[Scraped caption text data]

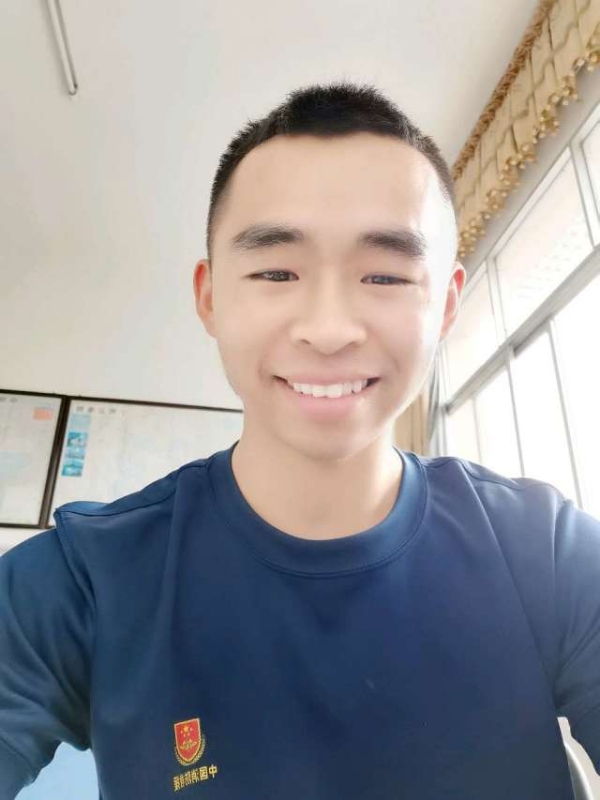 超超的第二张照片--南阳相亲服务中心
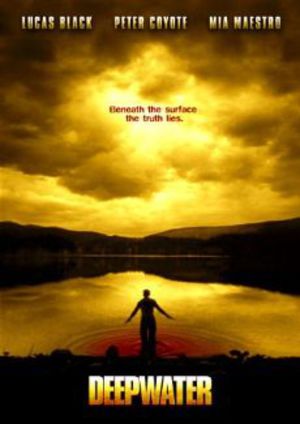 Deepwater poster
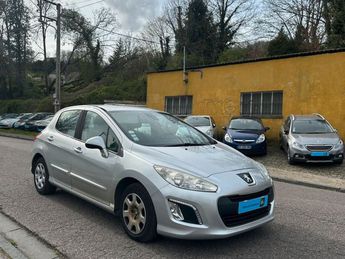  Voir détails -Peugeot 308 (T7) 5 Portes Affaire 1.6 HDi 8V FAP 92  à Canteleu (76)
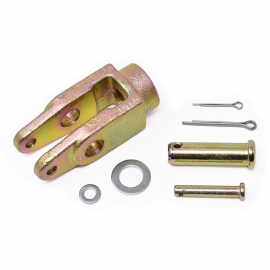 AS3000 Replacement Clevis Kit For Gunite 5/8" Automatic Slack Adjusters AS3000 Replacement Clevis Kit For Gunite 5/8" Automatic Slack Adjusters
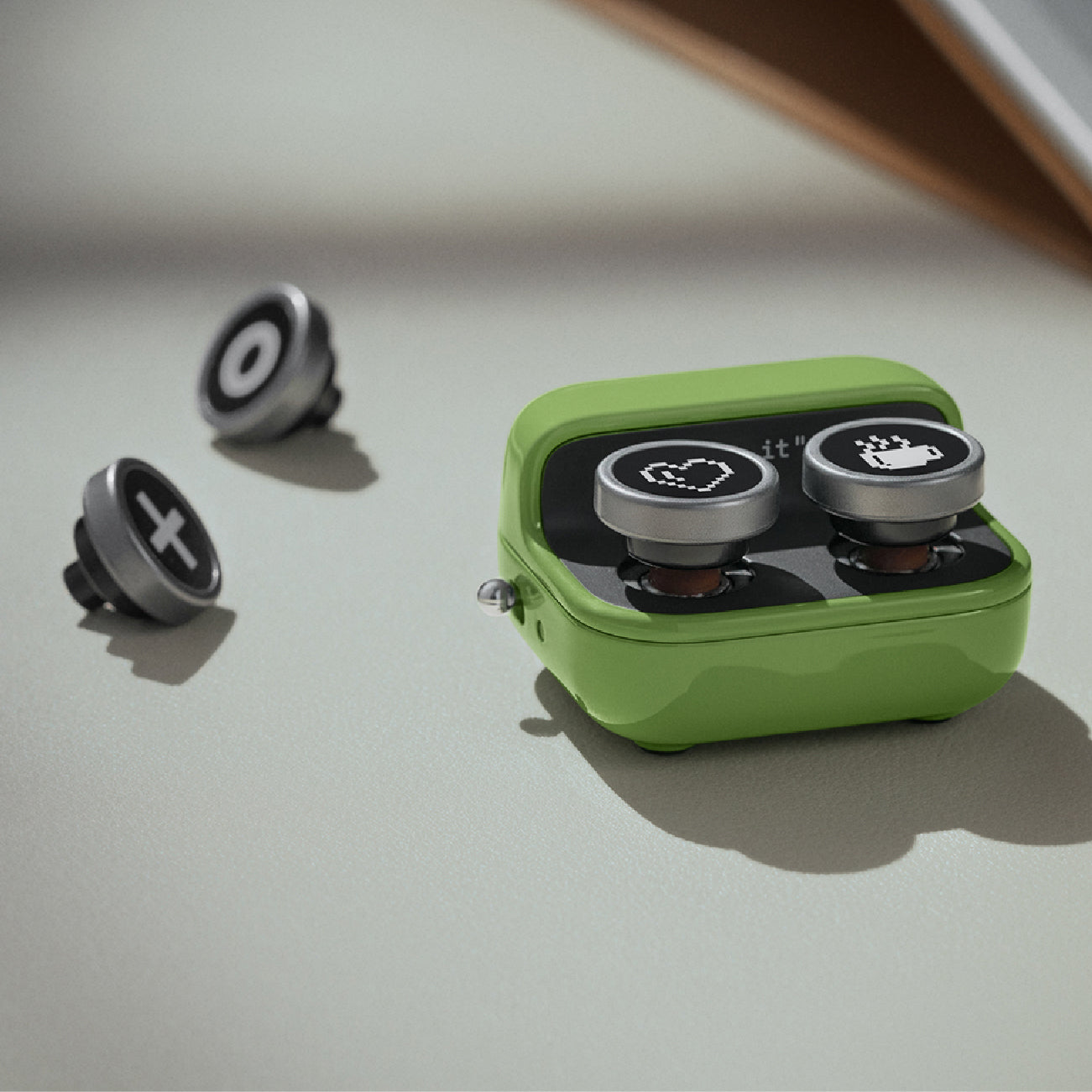 Boox Tappy Wireless Page Turner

- **Task**
Give back word for word the lines from the one containing "Slack Adjusters AS3000" through the final line of the data above. Pictures are to be left out.

- **Expected answer**
 AS3000 Replacement Clevis Kit For Gunite 5/8" Automatic Slack Adjusters AS3000 Replacement Clevis Kit For Gunite 5/8" Automatic Slack Adjusters
 Boox Tappy Wireless Page Turner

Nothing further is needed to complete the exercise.